Pada kata pengantar, buku “Manuskrip Yang Ditemukan Di Accra” adalah sebuah salinan dari dokumen papirus yang ditemukan pada tahun 1945 di Hamra Don, utara Mesir. Setelah melalui proses yang cukup panjang, akhirnya dokumen tersebut di bawa oleh seorang arkeolog Inggris, Sir Walter Wilkinson, ke negaranya setelah memperoleh izin dari pemerintah Mesir.

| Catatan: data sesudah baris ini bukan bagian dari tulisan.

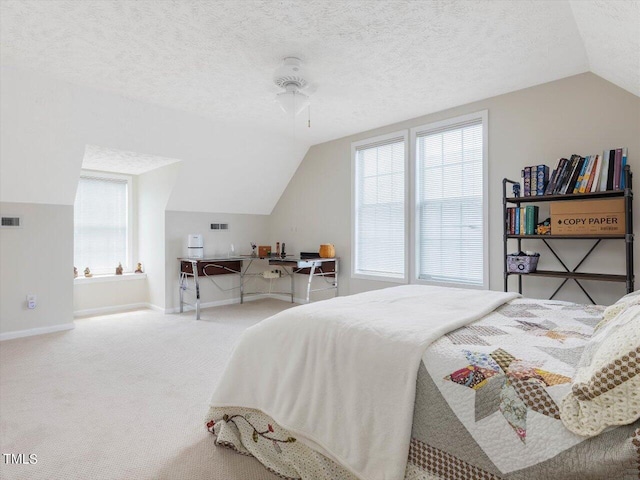 carpeted bedroom featuring vaulted ceiling and a textured ceiling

Paolo Coelho sendiri mengaku mendapatkan salinan teks dokumen tersebut dari anak Sir Walter pada 2011 dan menjadi bahan utama untuk buku ini.
Dalam buku ini, Paolo Coelho mengambil latar belakang waktu kejadian pengepungan Yerusalem oleh Tentara Salib pada tahun 1099. Di saat kota tersebut tengah bersiap untuk berperang, sekelompok orang memilih untuk berkumpul di sebuah lapangan untuk mendengar berbagai petuah yang dikatakan oleh “Sang Guru”, seorang tua bijak dengan banyak pengalaman mengenai hidup. Sang Guru ingin agar orang-orang tersebut bertanya hal-hal mengenai permasalahan hidup yang menimpa mereka, dengan harapan jawaban-jawaban tersebut dapat terus diingat oleh anak cucu nanti. Maka orang-orang mulai mengajukan berbagai pertanyaan, mulai dari makna perang; kesendirian; kekalahan; cinta; keberuntungan; mukjizat; dan lain-lain.
Membaca buku ini adalah sebuah perenungan penuh nasihat-nasihat bijak lagi bermakna yang datang dari seseorang dengan segudang pengalaman pahit manis hidup. Dan orang tersebut membagikannya secara sukarela tanpa mengharap imbalan karena tujuannya hanya untuk menyadarkan manusia mengenai pertarungan terbesar mereka dengan isi hati dan kebimbangan.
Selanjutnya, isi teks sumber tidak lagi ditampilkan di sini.